Extract the whole listing as it stands. Do not include the pictures.

*SUPPLIED INFORMATION:*
━━━━━━━━━━━━━━━━━━━━━━━━━━━━━━

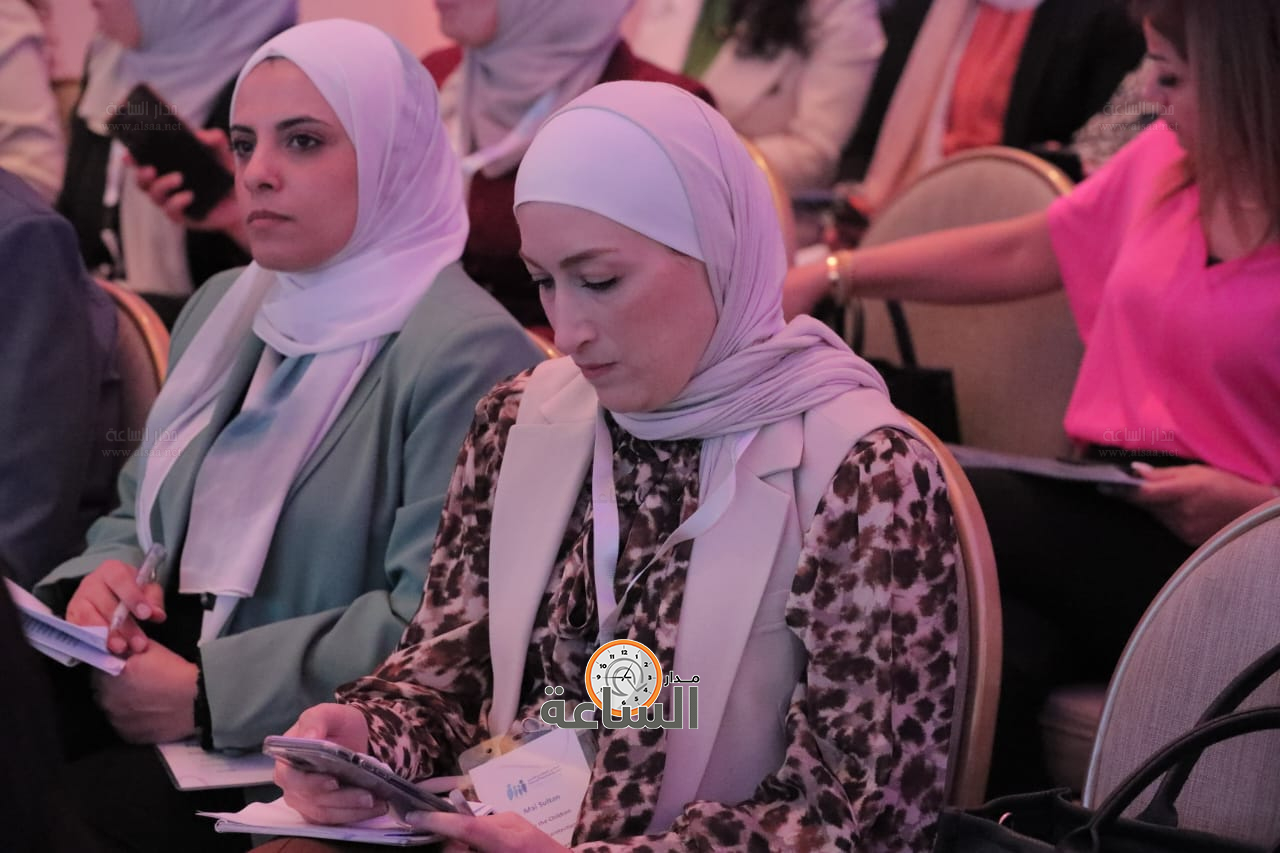 Madar Al-Saa Images 0.4144426662734211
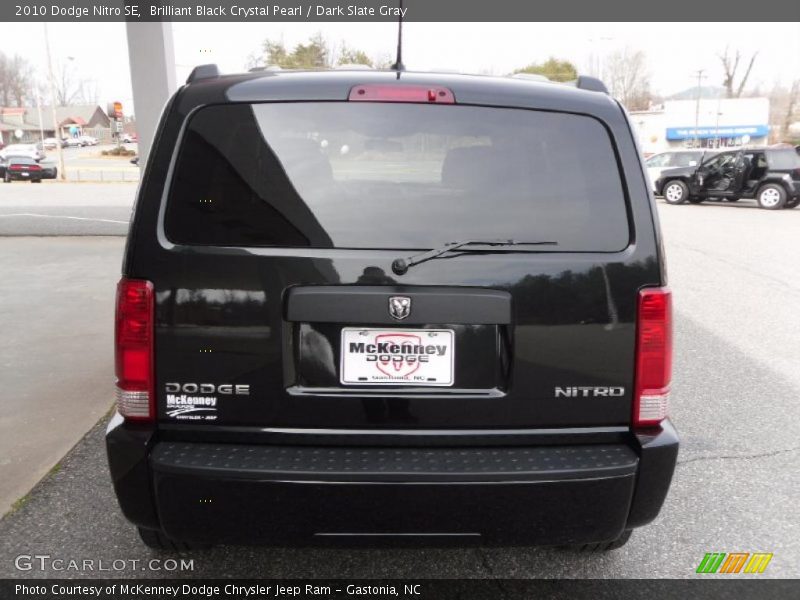 Brilliant Black Crystal Pearl / Dark Slate Gray 2010 Dodge Nitro SE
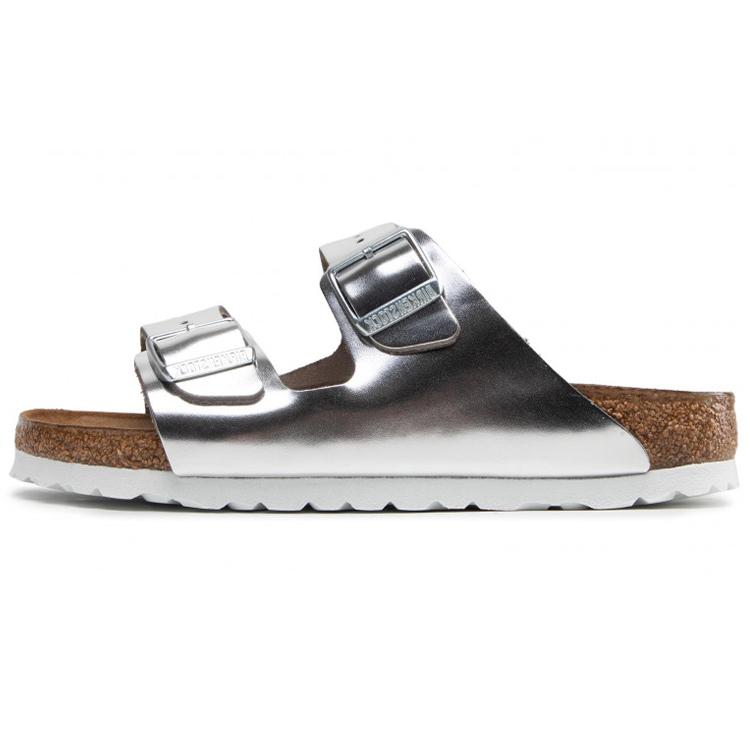 Birkenstock metallic buckled sliders Womens 1005961 37 серебряный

━━━━━━━━━━━━━━━━━━━━━━━━━━━━━━

*SOLUTION FOR THIS TASK:*
 Madar Al-Saa Images 0.4144426662734211
 Brilliant Black Crystal Pearl / Dark Slate Gray 2010 Dodge Nitro SE
 Birkenstock metallic buckled sliders Womens 1005961 37 серебряный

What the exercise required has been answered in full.